*PROBLEM TO WORK ON*. The pictures in the listing below are to be skipped, while the lines between the line holding "Polo v 6r привод" and the line holding "Hydraulic Oil Cooler", inclusive, are to be output exactly.
*** TASK INPUT Section Begins ***
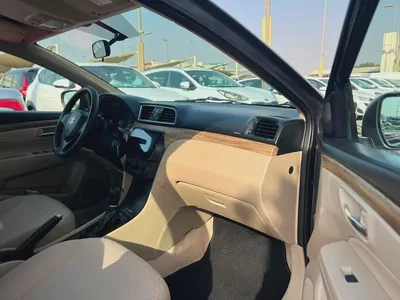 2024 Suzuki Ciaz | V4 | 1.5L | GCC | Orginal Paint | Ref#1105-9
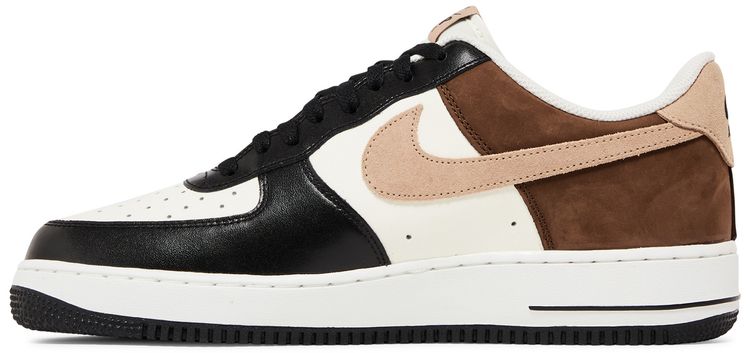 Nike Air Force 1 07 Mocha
*** TASK INPUT Section Ends ***
*** TASK INPUT Section Begins ***
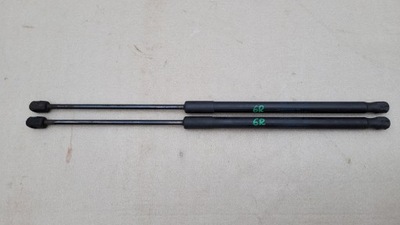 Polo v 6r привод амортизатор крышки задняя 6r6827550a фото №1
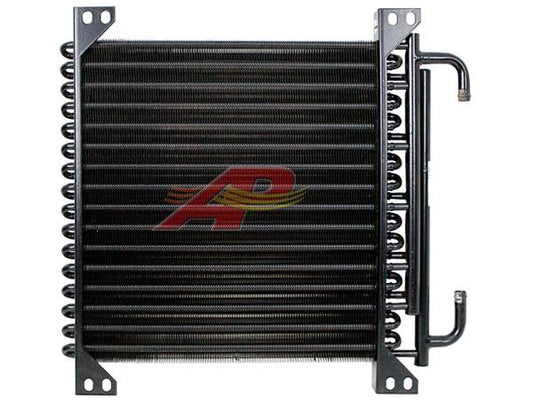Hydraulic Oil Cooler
*** TASK INPUT Section Ends ***
*COMPLETED TASK*.
 Polo v 6r привод амортизатор крышки задняя 6r6827550a фото №1
Hydraulic Oil Cooler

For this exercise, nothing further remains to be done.